▸ Required work: Pictures aside, the data must be reproduced exactly.

▸ Data provided:
_ _ _ _

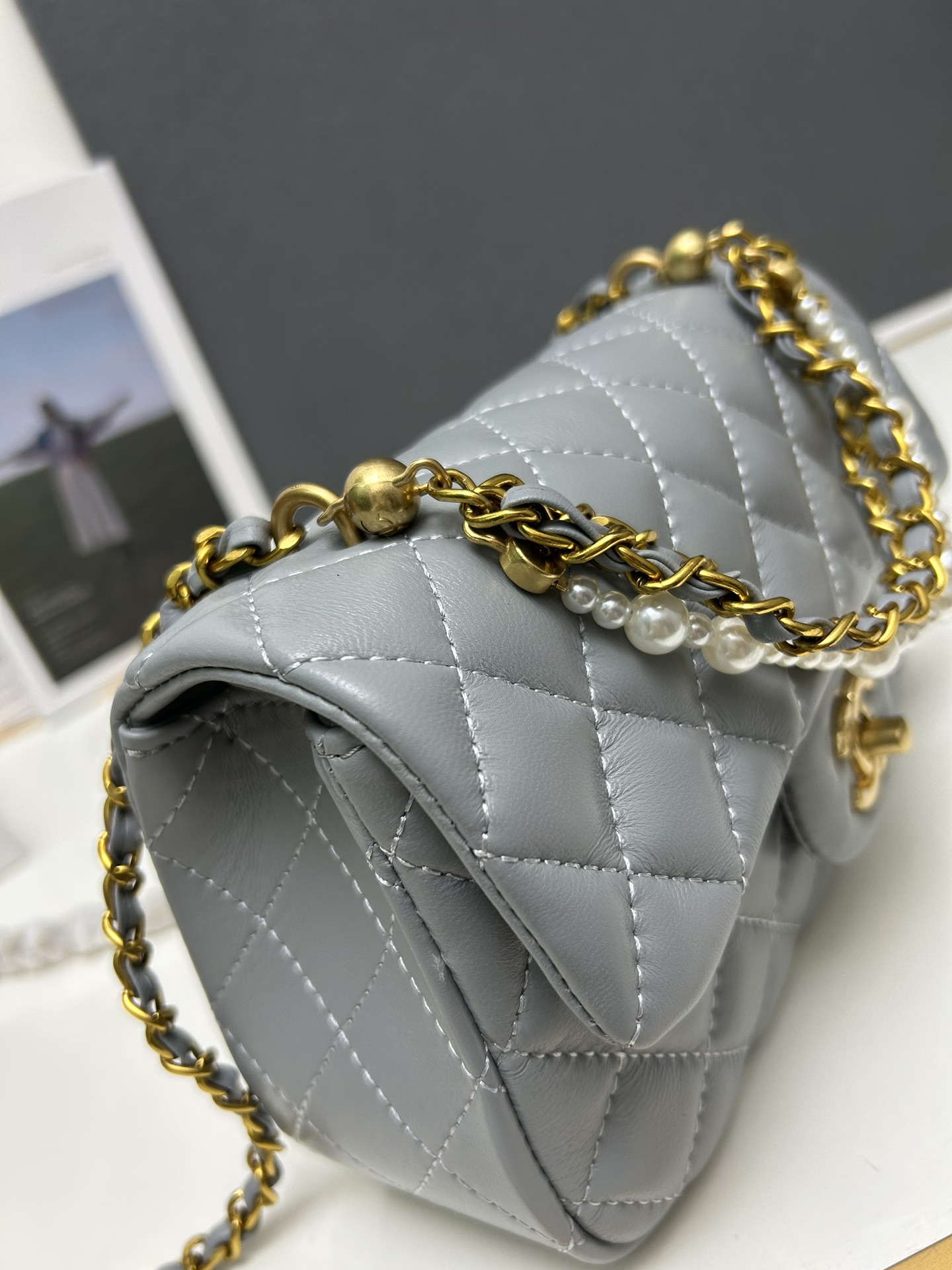 chanel-mini-square-pearl-flap-bag-grey-leather-gold-hardware thumbnail 9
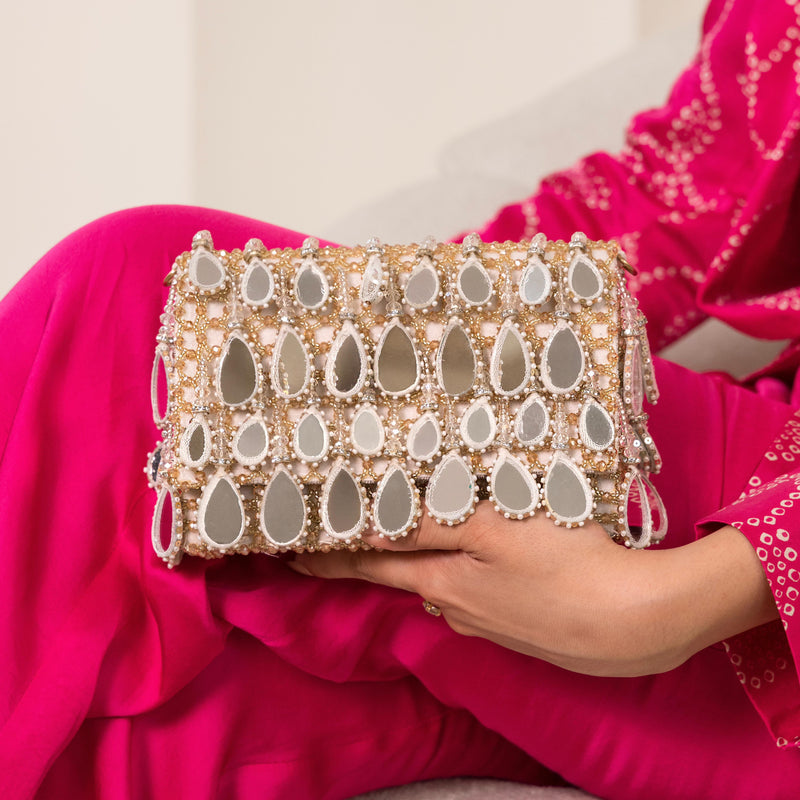 Mirror and Pearl Embellished Bag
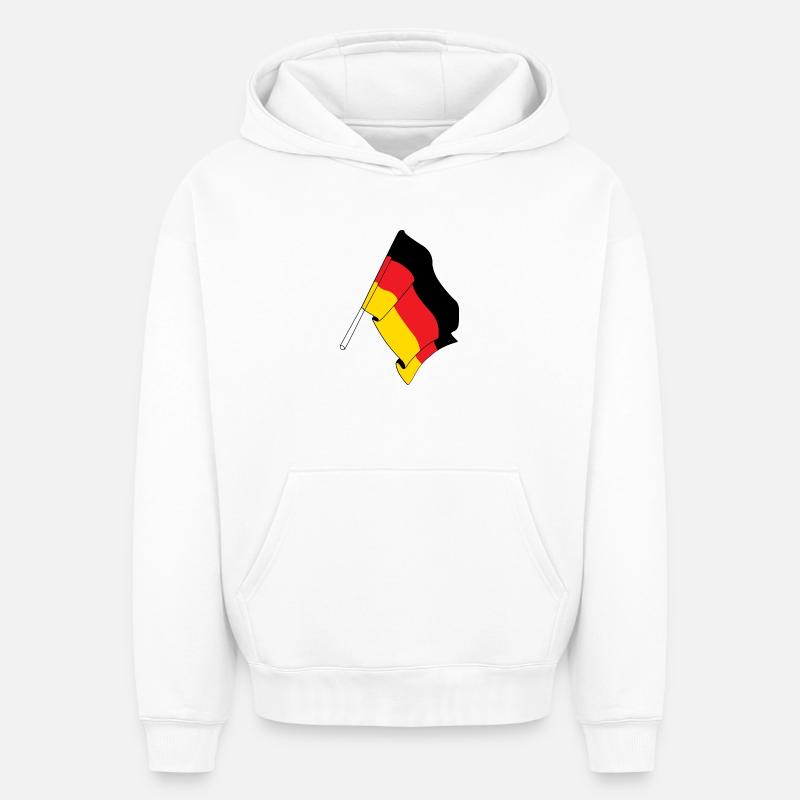 Drapeau de l’Allemagne - Sweat à capuche unisexe oversize épais SPREAD - blanc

_ _ _ _

▸ Response for this exercise:
 chanel-mini-square-pearl-flap-bag-grey-leather-gold-hardware thumbnail 9
 Mirror and Pearl Embellished Bag
 Drapeau de l’Allemagne - Sweat à capuche unisexe oversize épais SPREAD - blanc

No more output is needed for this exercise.